TASK TO CARRY OUT => Below are records with pictures in them. Transcribe everything from the line containing "摩尔庄园的钢琴如何进行位置的移动3" down to the line containing "BORRIGLIONE_Armorial Nice. (J.", exactly, and leave the pictures behind.

TASK INPUTS =>
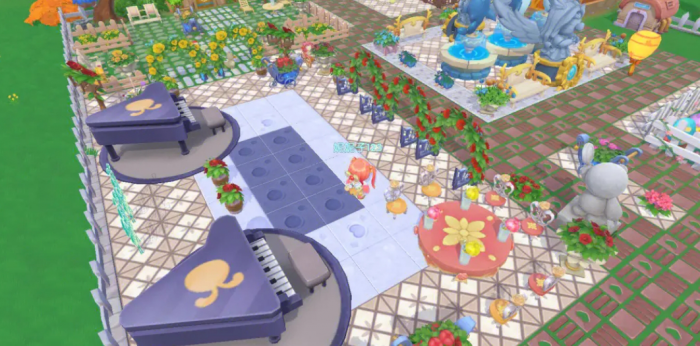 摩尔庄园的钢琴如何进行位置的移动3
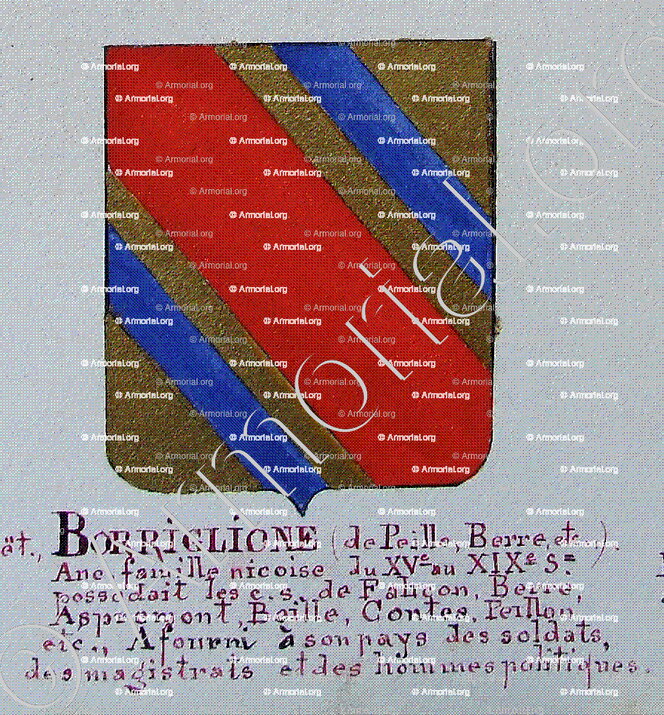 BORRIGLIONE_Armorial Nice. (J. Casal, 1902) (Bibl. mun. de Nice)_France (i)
---
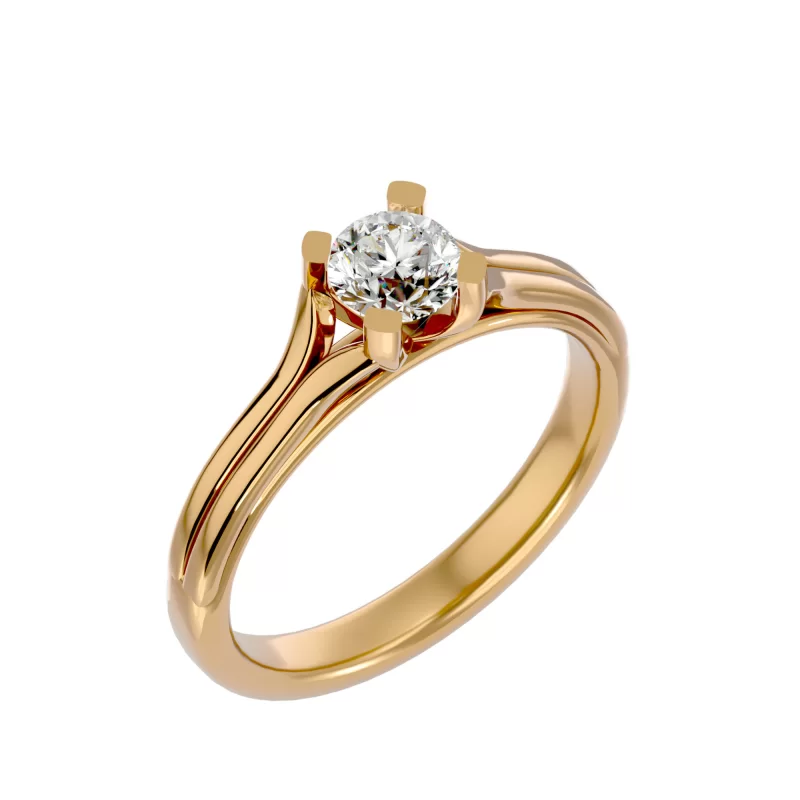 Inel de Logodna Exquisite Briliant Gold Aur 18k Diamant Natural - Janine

TASK ANSWER =>
 摩尔庄园的钢琴如何进行位置的移动3
 BORRIGLIONE_Armorial Nice. (J. Casal, 1902) (Bibl. mun. de Nice)_France (i)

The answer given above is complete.